6

I'm trying to scale the x axis of a plot with math.log(1+x) instead of the usual 'log' scale option, and I've looked over some of the custom scaling examples but I can't get mine to work! Here's my MWE:

import matplotlib.pyplot as plt
import numpy as np
import math
from matplotlib.ticker import FormatStrFormatter
from matplotlib import scale as mscale
from matplotlib import transforms as mtransforms

class CustomScale(mscale.ScaleBase):
    name = 'custom'

    def __init__(self, axis, **kwargs):
        mscale.ScaleBase.__init__(self)
        self.thresh = None #thresh

    def get_transform(self):
        return self.CustomTransform(self.thresh)

    def set_default_locators_and_formatters(self, axis):
        pass

    class CustomTransform(mtransforms.Transform):
        input_dims = 1
        output_dims = 1
        is_separable = True

        def __init__(self, thresh):
            mtransforms.Transform.__init__(self)
            self.thresh = thresh

        def transform_non_affine(self, a):
            return math.log(1+a)

        def inverted(self):
            return CustomScale.InvertedCustomTransform(self.thresh)

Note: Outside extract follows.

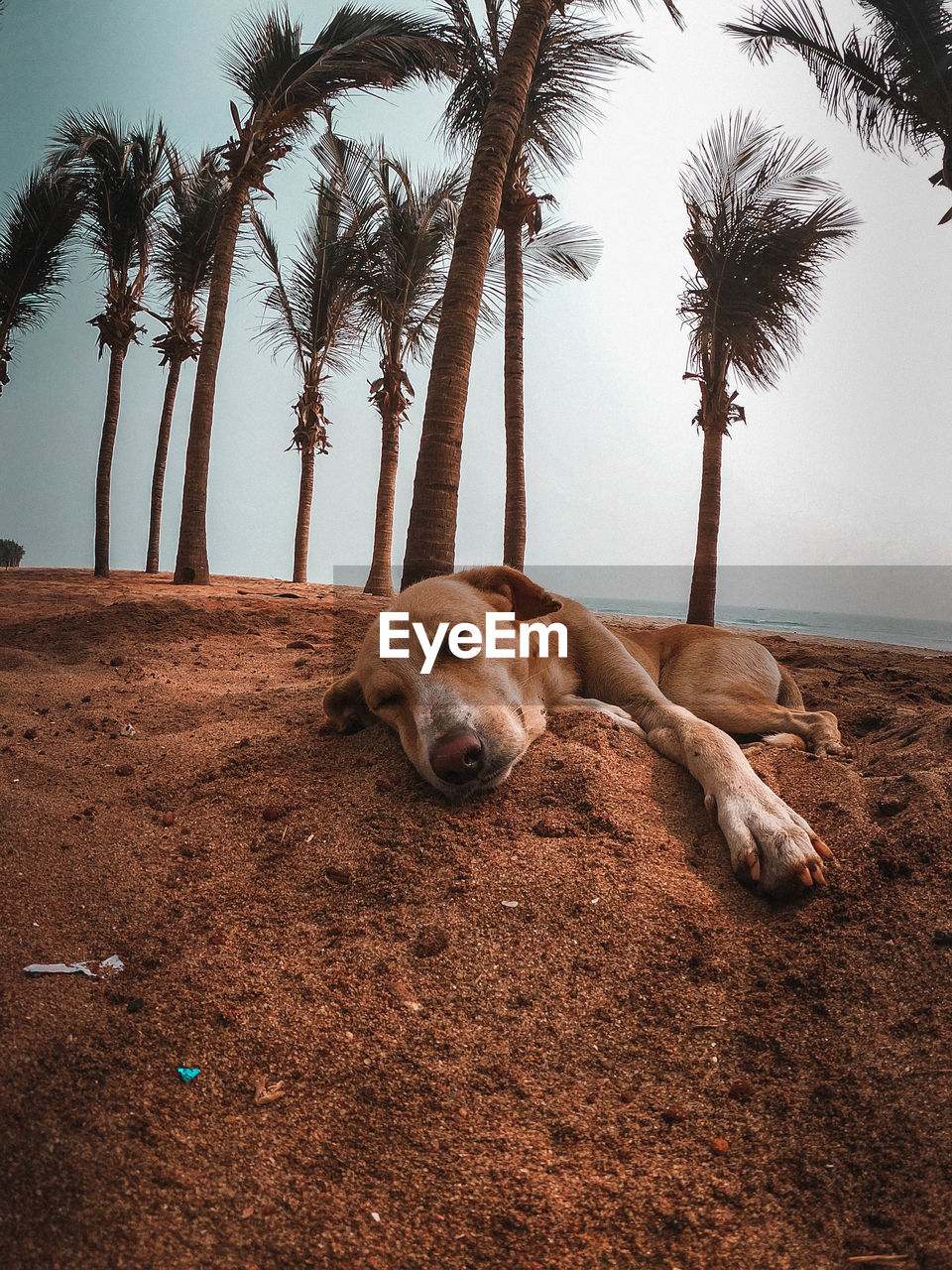 DOG LYING DOWN ON BEACH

    class InvertedCustomTransform(mtransforms.Transform):
        input_dims = 1
        output_dims = 1
        is_separable = True

        def __init__(self, thresh):
            mtransforms.Transform.__init__(self)
            self.thresh = thresh

        def transform_non_affine(self, a):
            return math.log(1+a)

        def inverted(self):
            return CustomScale.CustomTransform(self.thresh)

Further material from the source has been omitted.